[Data excerpts]
= = = = =
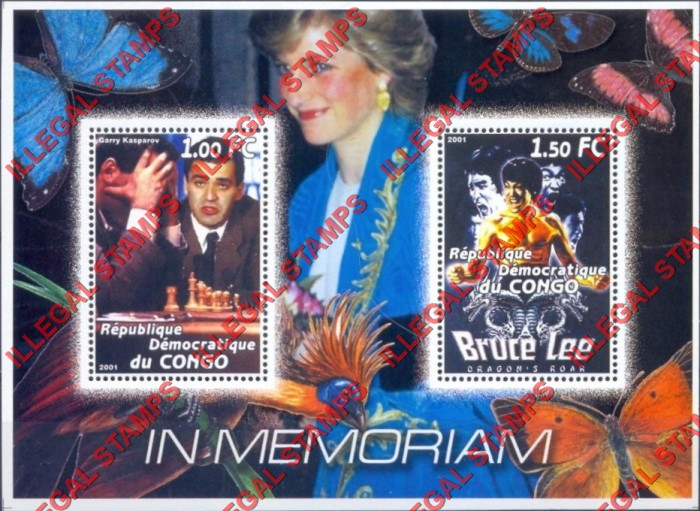 Congo Democratic Republic 2001 Diana Memoriam with Chess Player Garry Kasperov and Bruce Lee Illegal Stamp Souvenir Sheet of 2 Congo Democratic Republic 2001 Diana Memoriam with Chess Player Garry Kasperov and Bruce Lee Illegal Stamp Souvenir Sheet of 2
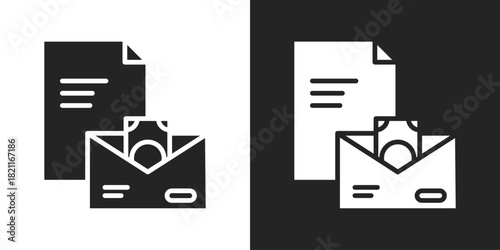 payroll Icon In Black And White Glyph Style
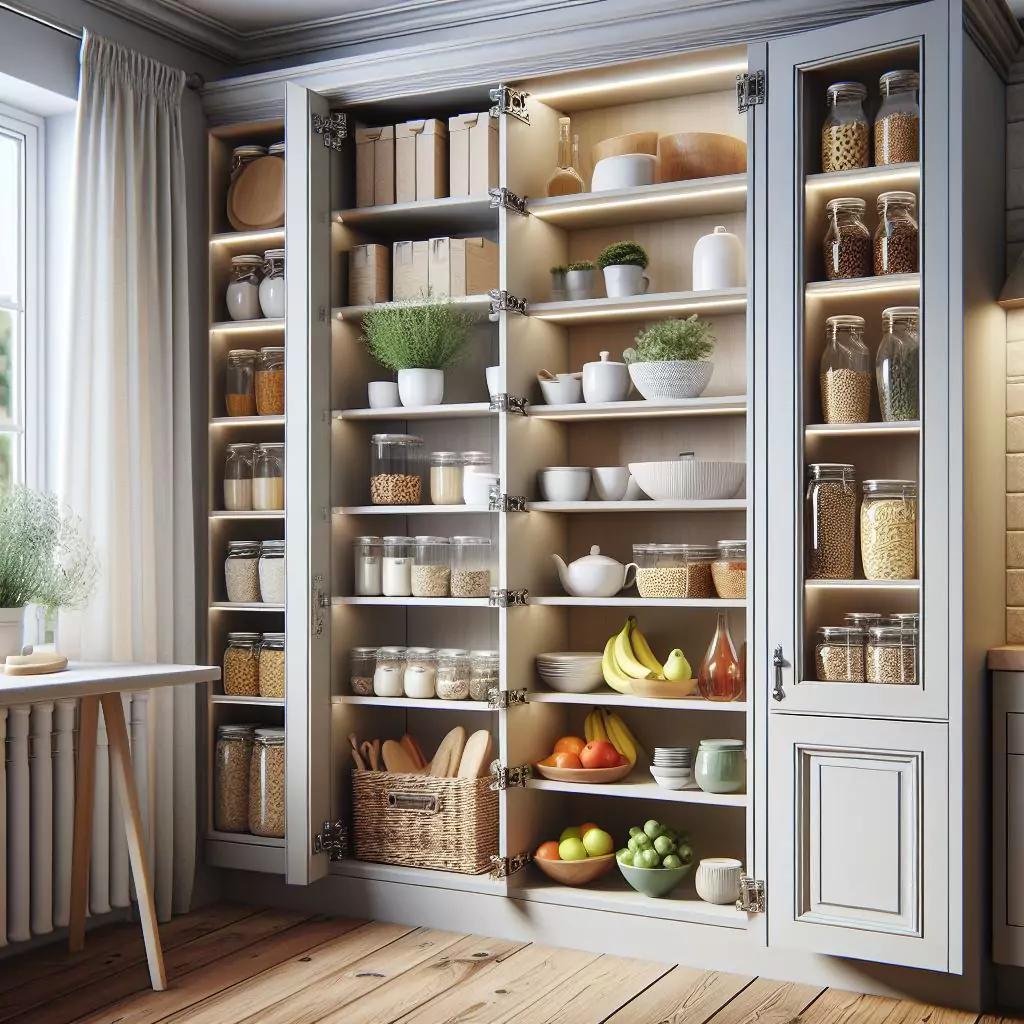 a closer look of a A kitchen showcasing adjustable shelving in cabinets and pantry spaces, offering customization for shelf height based on stored items.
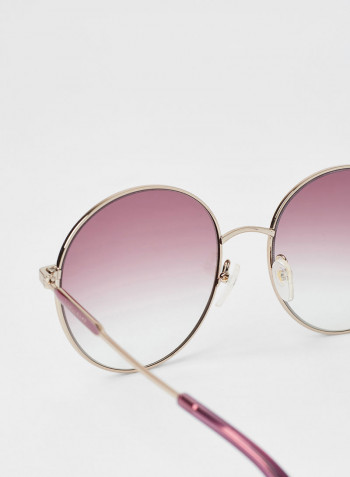 Women's Full Rim Metal Round Sunglasses - Lens Size: 58 mm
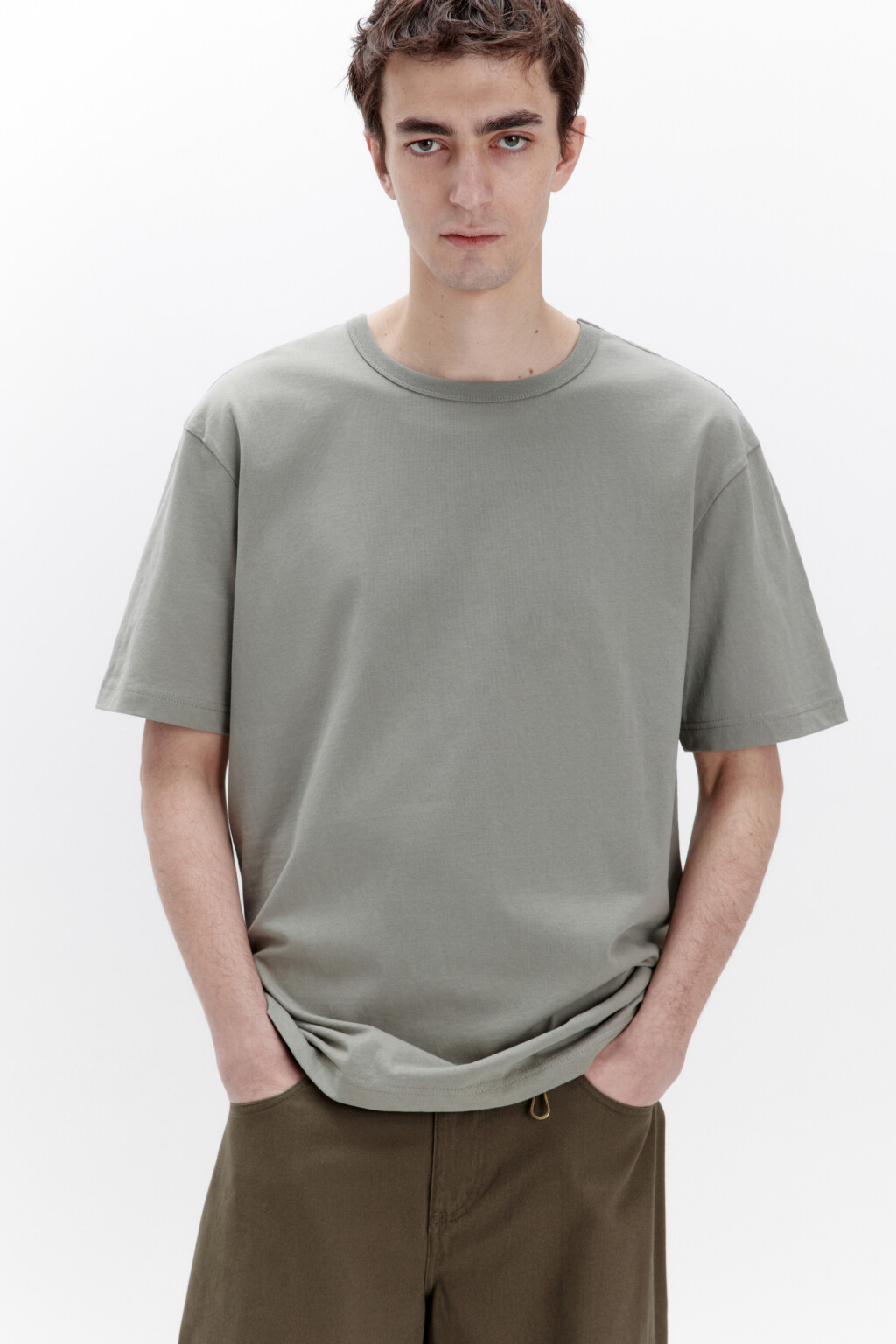 Футболка прямая базовая из хлопка - цвет зеленый - 1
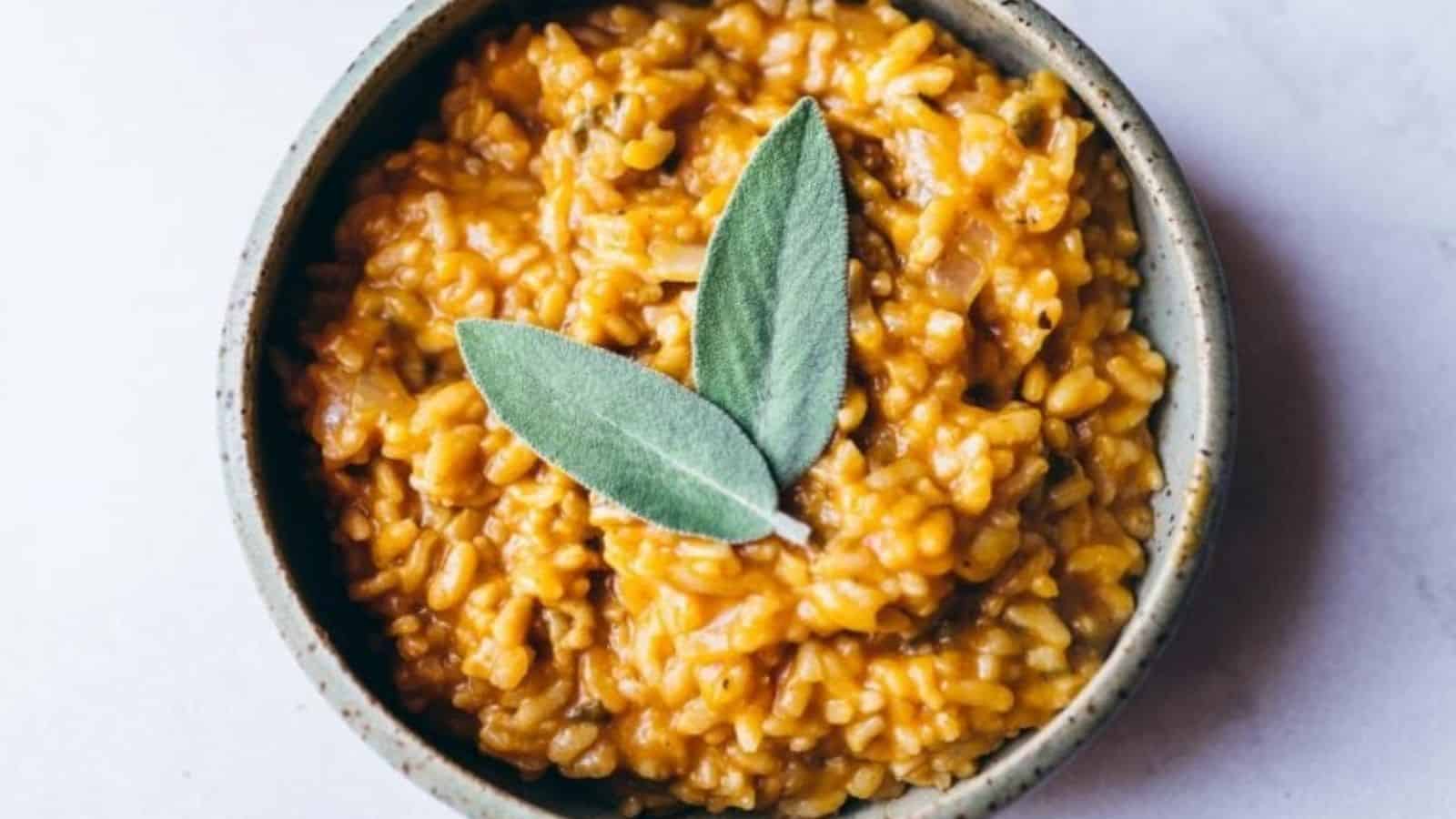 Overhead image of best instant pot pumpkin risotto in a bowl.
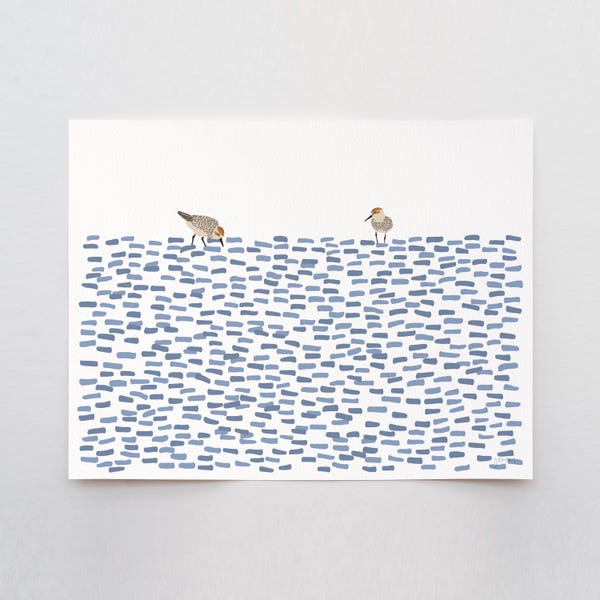 Wading Sandpiper Wall Art, beach house decor, signed print by Jorey Hurley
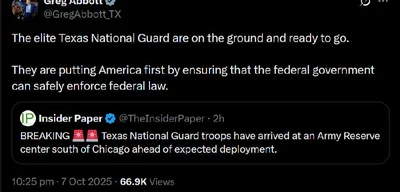 Texas Governor Greg Abbott deploys National Guard to Chicago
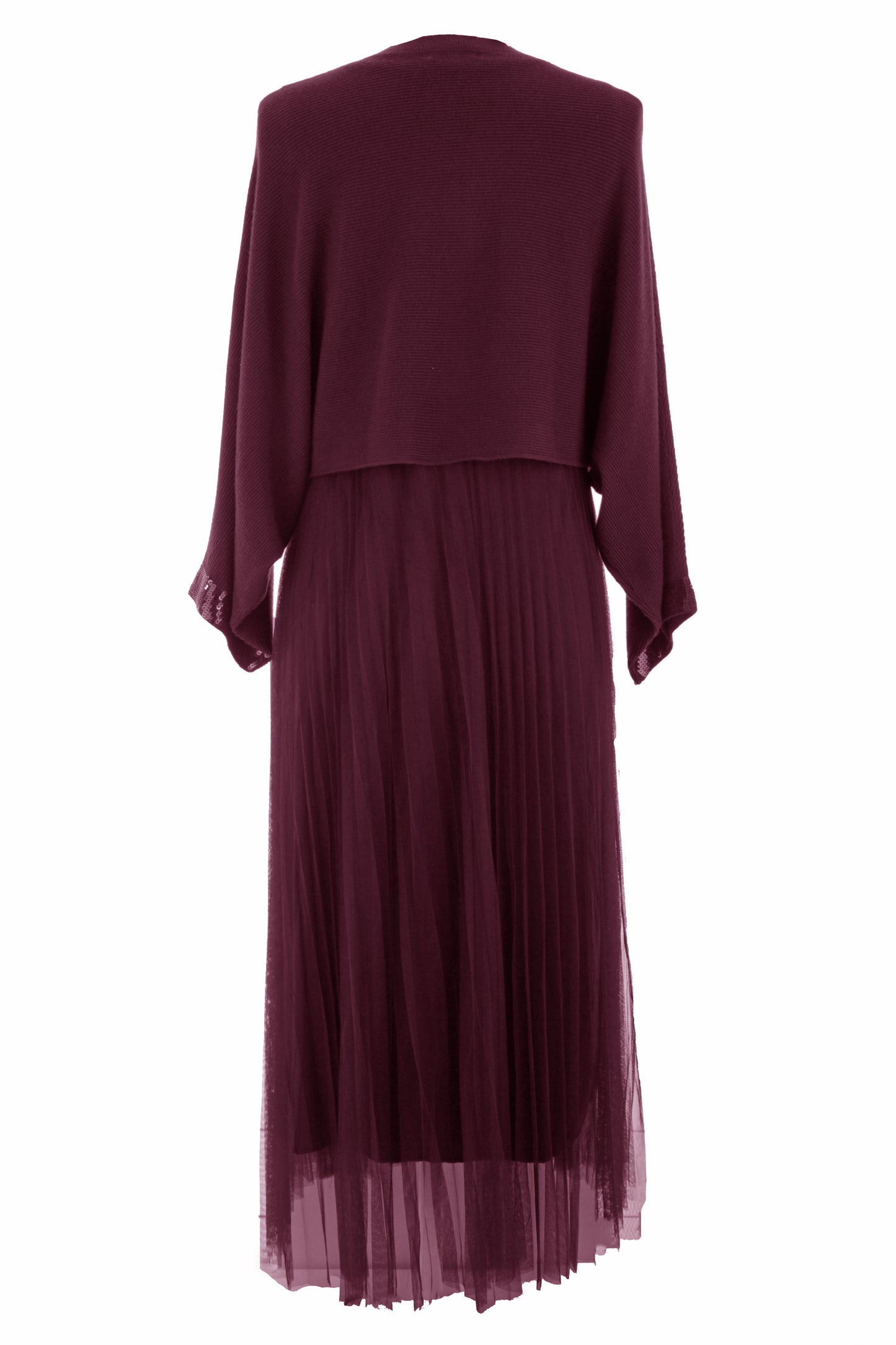 2 Piece Ribbed Top Mesh Dress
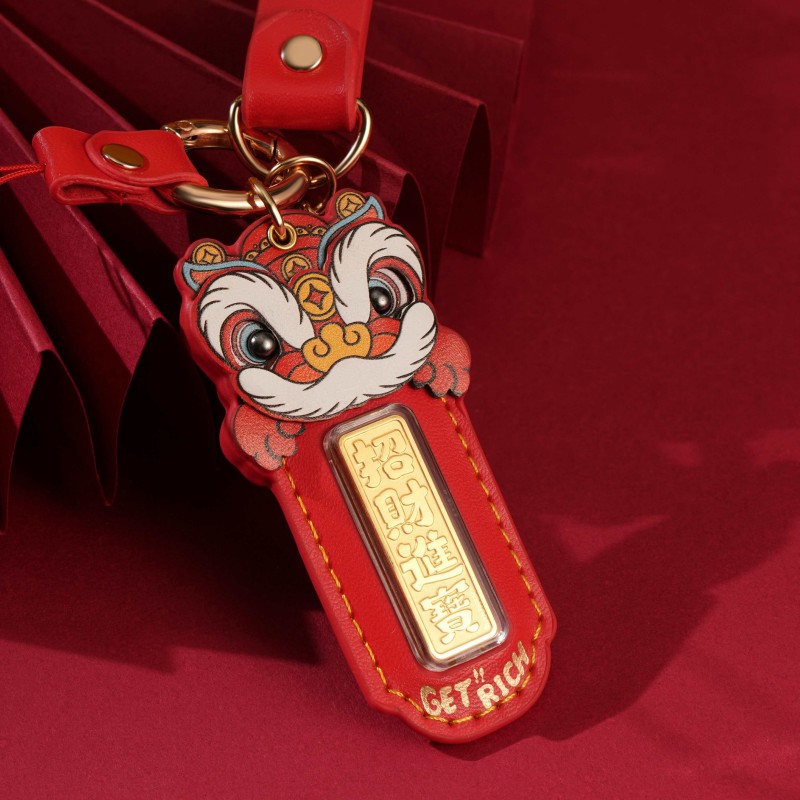 聚运鑫醒狮开运黄金钥匙扣开门红银行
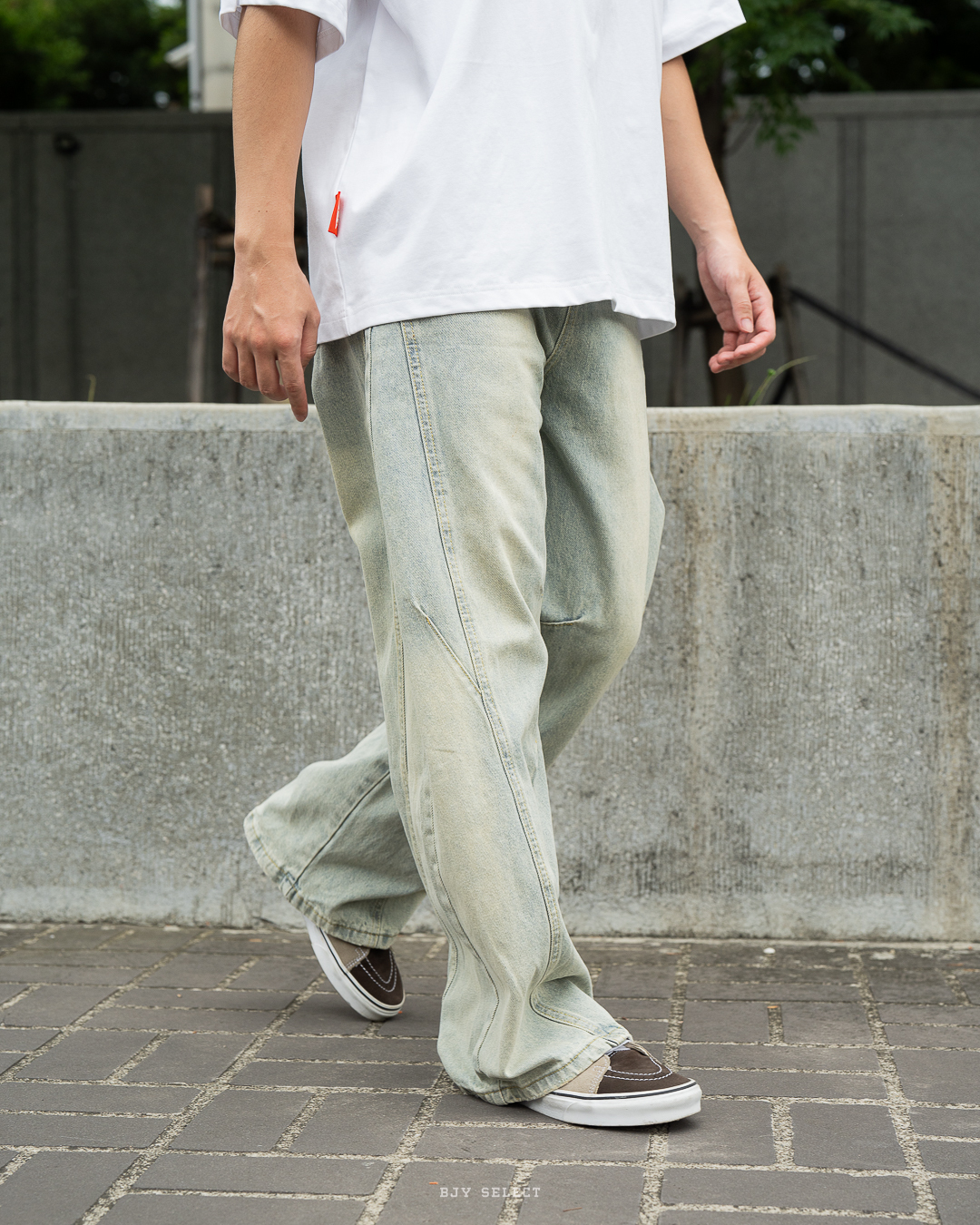 #預購 Tailor collection 美式 復古 拼接 彎刀牛仔褲 三色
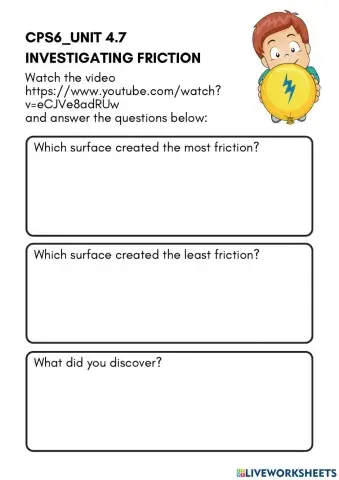 Video watching worksheet-CPS6-Unit 4.7: Investigating friction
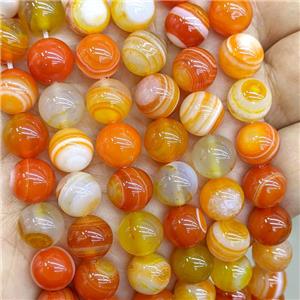 Natural Stripe Agate Beads Orange Dye Smooth Round, approx 8mm [GA3586-8MM]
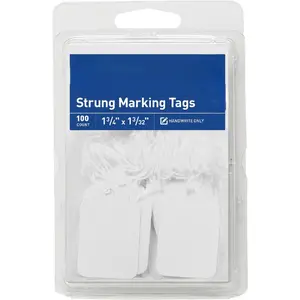 100 Pack Strung Marking Tags with String Attached Gift Tags 1.75 x 1.09 Inch for Crafts Wedding Party Supplies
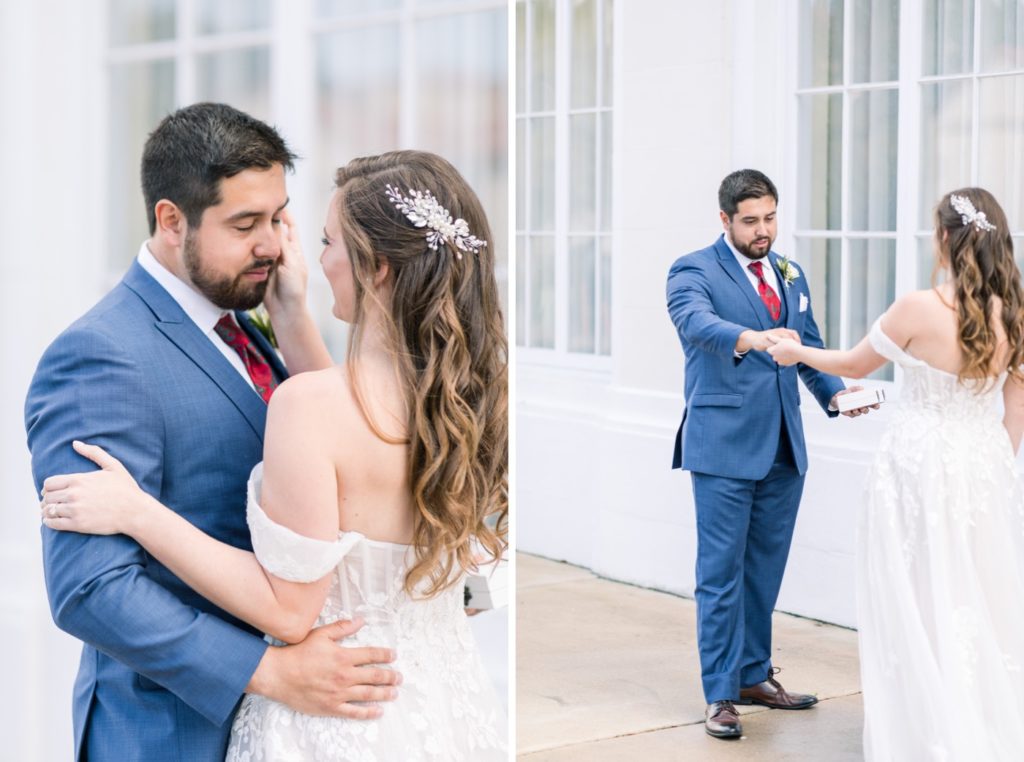 Bride and groom first look before the ceremony at the Bishop Museum 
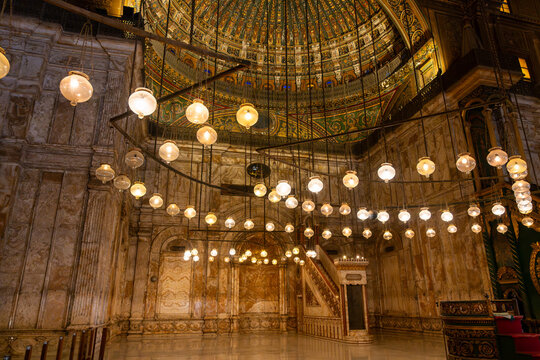 Minbar and prayer hall inside the Mosque of Muhammad Ali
= = = = =
Exercise prompt: Please write every line above out exactly as given, except for any pictures.

Problem solution:
 Congo Democratic Republic 2001 Diana Memoriam with Chess Player Garry Kasperov and Bruce Lee Illegal Stamp Souvenir Sheet of 2 Congo Democratic Republic 2001 Diana Memoriam with Chess Player Garry Kasperov and Bruce Lee Illegal Stamp Souvenir Sheet of 2
 payroll Icon In Black And White Glyph Style
 a closer look of a A kitchen showcasing adjustable shelving in cabinets and pantry spaces, offering customization for shelf height based on stored items.
 Women's Full Rim Metal Round Sunglasses - Lens Size: 58 mm
 Футболка прямая базовая из хлопка - цвет зеленый - 1
 Overhead image of best instant pot pumpkin risotto in a bowl.
 Wading Sandpiper Wall Art, beach house decor, signed print by Jorey Hurley
 Texas Governor Greg Abbott deploys National Guard to Chicago
 2 Piece Ribbed Top Mesh Dress
 聚运鑫醒狮开运黄金钥匙扣开门红银行
 #預購 Tailor collection 美式 復古 拼接 彎刀牛仔褲 三色
 Video watching worksheet-CPS6-Unit 4.7: Investigating friction
 Natural Stripe Agate Beads Orange Dye Smooth Round, approx 8mm [GA3586-8MM]
 100 Pack Strung Marking Tags with String Attached Gift Tags 1.75 x 1.09 Inch for Crafts Wedding Party Supplies
 Bride and groom first look before the ceremony at the Bishop Museum 
 Minbar and prayer hall inside the Mosque of Muhammad Ali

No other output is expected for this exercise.